Hi, I am trying to implement DDPG with pytorch, I am sure most of my implementation is right, but the policies don’t converge so I am not too certain about the gradient part. The paper shows that the gradient of Q(s,a) is with respect to action a. I am defining the loss to be Q(s,a), but how do I know that the gradient will be taken derivative with respect to a? Since the loss = Q(s,a), I am setting loss.requires_grad = True, and loss.volatile = False.
Q should never be the loss function. DDPG is a case of Deep Actor-Critic algorithm, so you have two gradients: one for the actor (the parameters leading to the action (
mu)) and one for the critic (that estimates the value of a state-action (
Q) – this is our case – , or sometimes the value of a state (
In DDPG, the critic loss is the temporal difference (as in classique deep Q learning):
critic_loss = (R - gamma*Q(t+1) - Q(t))**2
Then the critic’s gradient is obtained by a simple backward of this loss.
For the actor gradient, things are more complex: it’s an estimation of the policy gradient, given by:
actor_grad = Q_grad * mu_grad
mu is the output of the network, estimating the optimal mean of the action’s Gaussian distribution.
sorry, I should say I am trying to find the actor gradient. I am referencing this implementation and he does
policy_loss = -self.critic([to_tensor(state_batch), self.actor(to_tensor(state_batch))].mean()
which is just simply defining the loss = -mean(critic(state,actor(state)))
My belief is that the autograd will find the gradient with respect to action, which is actor_grad = Q_grad * mu_grad given the chain rule property.
Ok I see, it makes sens to directly derivates
Q(S, pi(S)) wrt
pi 's parameters.
In the paper, the gradient is wrt a, because they decompose the derivative (hence the
mu_grad in my equation above). If you directly take
Q as a loss, you must derivate it wrt policy’s parameters.
So, just doing
pi_loss = -Q(state, pi(state)) pi_loss.backward() pi_optimizer.step()
should be ok.
In the paper, look at equation 6: it’s a mater of computing the first line (Q directly with derivative wrt pi) or the second line (decomposition, with a derivative wrt a)
so back to my question, how is the gradient wrt action specified? Q(s,a) has both state and action as variable, and the gradient can be taken wrt to state if it’s not specified. This is what’s confusing me.
As I said, you don’t want to derivate wrt action in your case, but wrt the parameters of your policy.
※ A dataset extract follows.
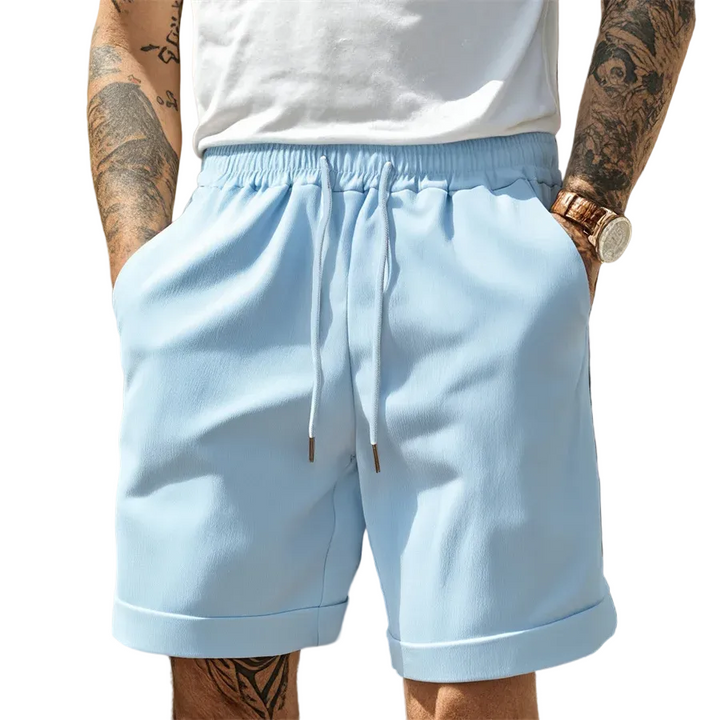 Heren Short met Elastische Taille en Trekkoord - Opgerolde Zoom tot Boven de Knie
The states must be detached from the graph, and the code in my post above should do what you want.
Oh I see, so is there anyway to actually see that the gradient is actually with respect to policy parameters?
When you are using an optimizer on some parameters, only these parameter will be affected by the gradient step. So, if you did something like
policy_optim = nn.Optimizer(policy.parameters(), lr)
above in your code, and then
policy_loss = -Q(s, policy(s)) policy_loss.backward() policy_optim.step()
… then, only the parameter of the policy will be affected, with the gradient of your loss wrt these parameters. It’s that simple!